About this exercise: Restate word for word the material below, starting at the line that contains "Marcia Maidana —" and stopping after the last line; skip pictures.

* * *

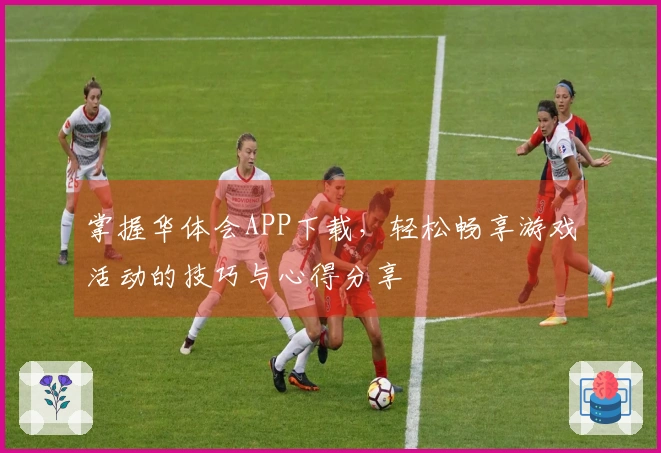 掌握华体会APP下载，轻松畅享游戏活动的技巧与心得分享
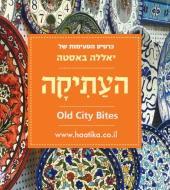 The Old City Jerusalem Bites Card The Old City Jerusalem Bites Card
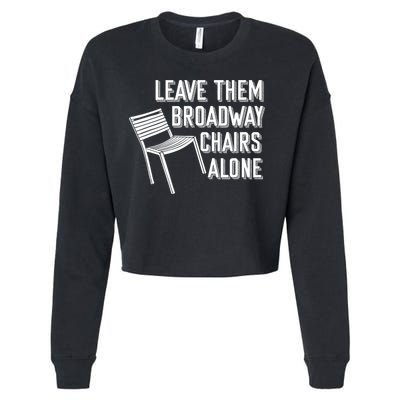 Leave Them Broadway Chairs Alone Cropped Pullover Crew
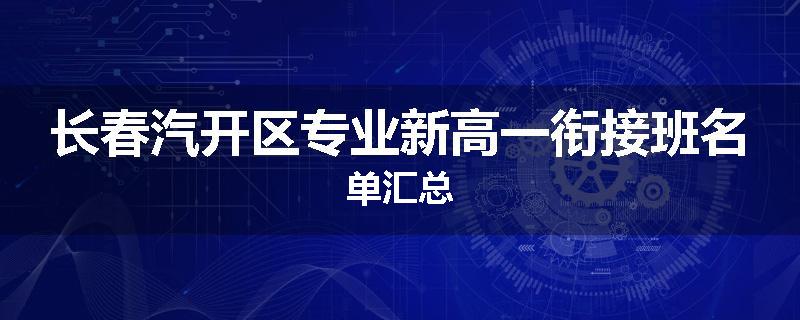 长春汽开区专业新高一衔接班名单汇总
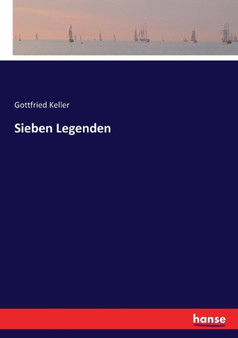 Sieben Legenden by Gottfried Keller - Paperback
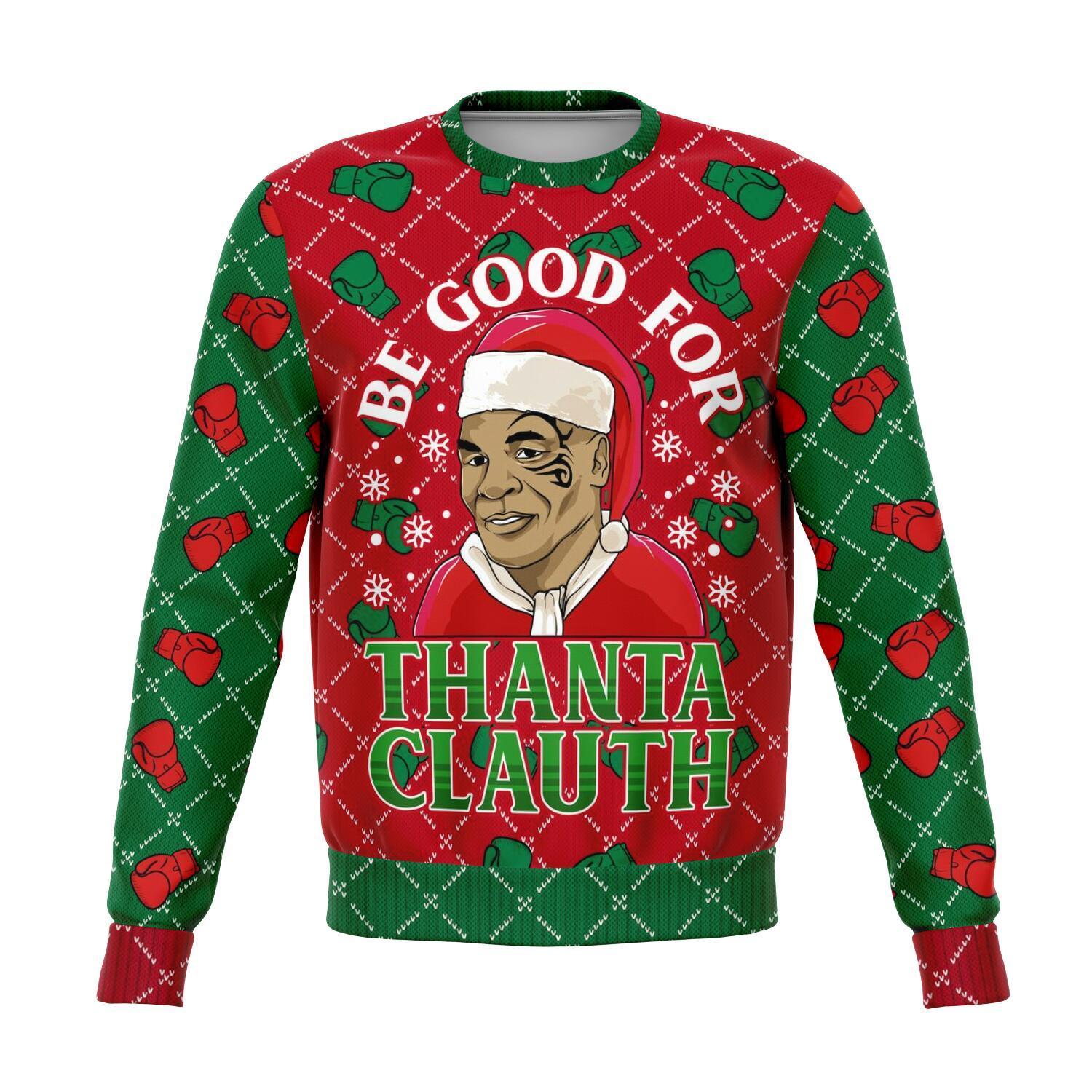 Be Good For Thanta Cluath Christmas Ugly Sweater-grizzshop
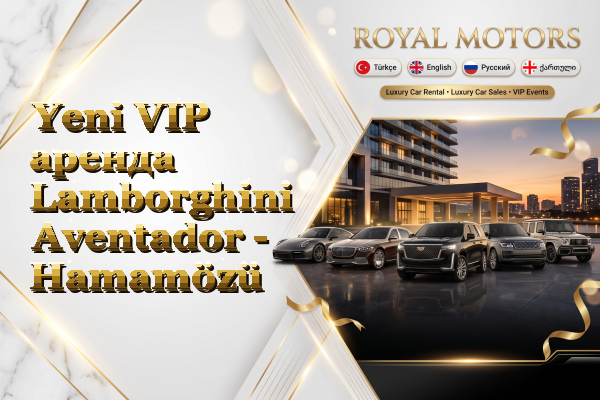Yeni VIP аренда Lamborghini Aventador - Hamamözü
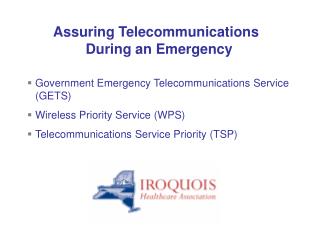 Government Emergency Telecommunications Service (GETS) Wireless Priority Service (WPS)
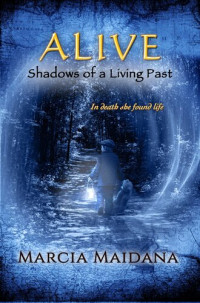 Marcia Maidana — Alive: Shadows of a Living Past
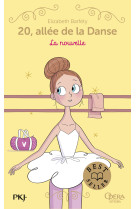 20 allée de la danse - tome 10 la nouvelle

* * *

Worked solution:
 Marcia Maidana — Alive: Shadows of a Living Past
 20 allée de la danse - tome 10 la nouvelle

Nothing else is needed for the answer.